According to a report from Bloomberg, Long Island’s Nassau Veterans Memorial Coliseum is closing its doors. As the report explains, “Billionaire Mikhail Prokhorov’s Onexim Sports and Entertainment, which operates the arena under a lease from Nassau County, is planning to shutter the venue indefinitely while it seeks investors to take over operations and pick up the remaining debt on the building, according to people familiar with the matter.”
Onexim Sports and Entertainment reportedly informed potential investors that it would turn over the lease “in return for assuming roughly $100 million in loans on the property.” The firm may also turn over the lease to its current investors.
While the arena has been empty since the onset of the coronavirus crisis and events appear unlikely to return at that scale in the foreseeable future, Bloomberg‘s source noted that the lease on the arena includes “development rights that could be valuable to property investors.”
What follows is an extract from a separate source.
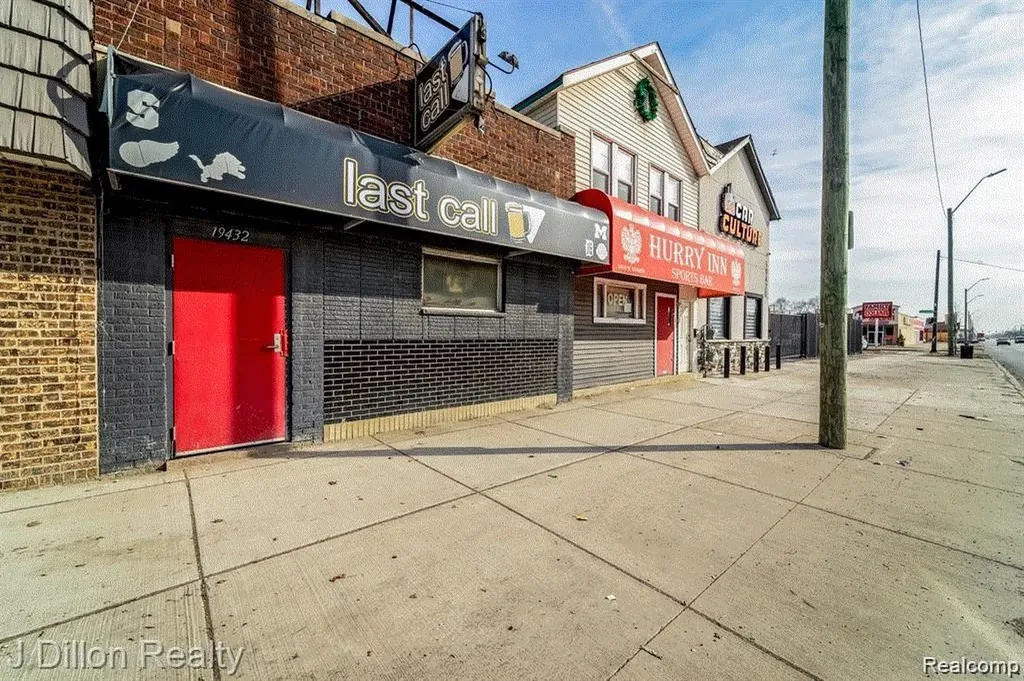 19430 W Warren Avenue Detroit City MI 48228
The Uniondale, NY arena originally opened in 1972 and served as the longtime home of the NHL‘s New York Islanders. The arena closed for a $180 million renovation in 2015, during which time the team played its home games at Brooklyn, NY’s Barclays Center, the home of the NBA‘s Brooklyn Nets which Prokhorov owned at that time. The Coliseum reopened in 2017 and has hosted roughly 200 events a year since, including concerts, minor-league basketball, and professional lacrosse.
The renovated arena, branded as NYCB Live, had also rekindled long-running relationships with touring bands in 2019. On November 6th, 2019, Dead & Company were honored with a tie-dye banner celebrating 44 total Grateful Dead/Dead & Co shows at the venue. Phish also returned for their seventh Nassau performance and first in 16 years the following month.
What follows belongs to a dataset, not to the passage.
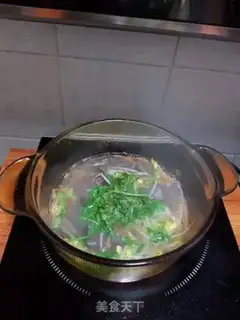 Make Duck blood, soybean soup step 2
After the Islanders split their home games between Nassau and Barclays the last two years, New York Governor Andrew Cuomo had announced in February that all of the New York Islanders‘ 2020–2021 season home games would be played at Nassau. The rise of the COVID-19 pandemic, however, cast doubt on those plans when it prompted the NHL to suspend its season in March.
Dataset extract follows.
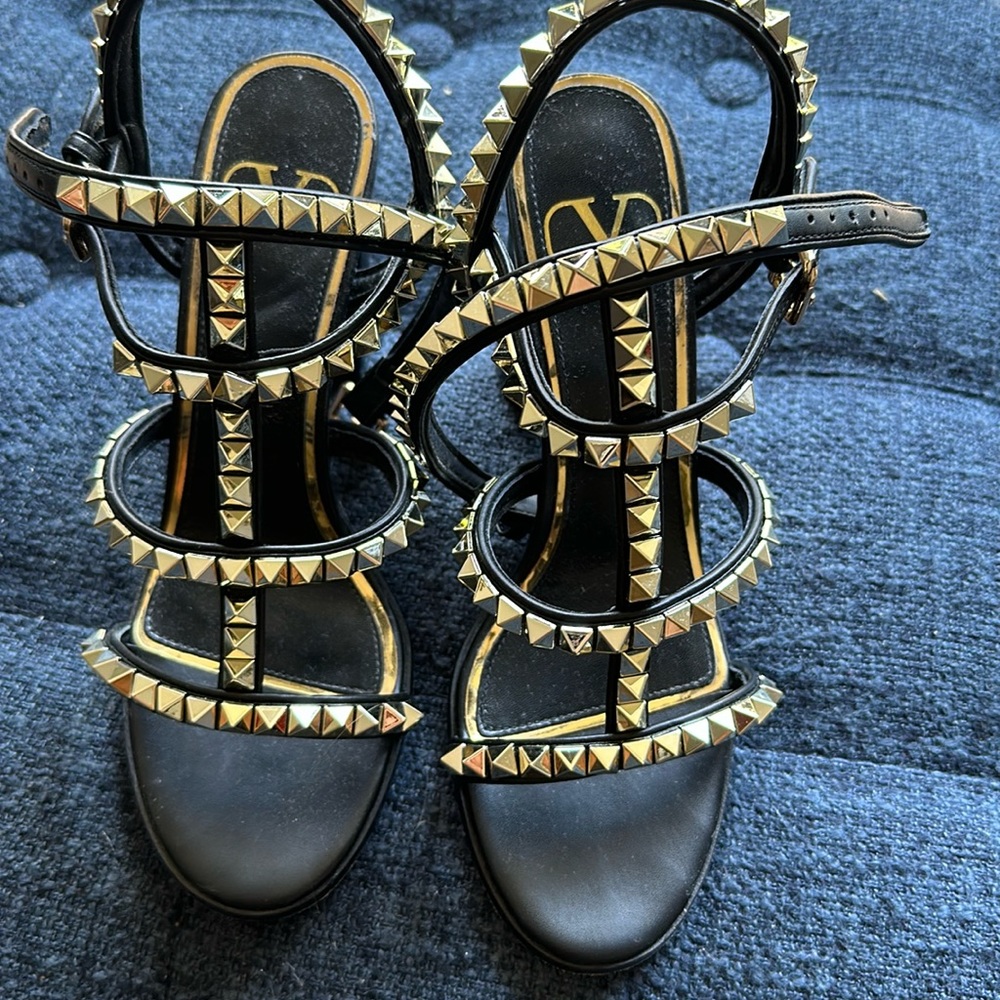 Valentino ROCKSTUD wedge sandal | Size 37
Last week, the league announced a contingency plan which would forego the remainder of the regular 2019–2020 season and instead mount a competition between 24 qualifying teams in two hub cities to decide the next Stanley Cup champions. The specific hub cities for the modified Stanley Cup tournament have not been announced, although Nassau Coliseum was not named among a list of potential candidates.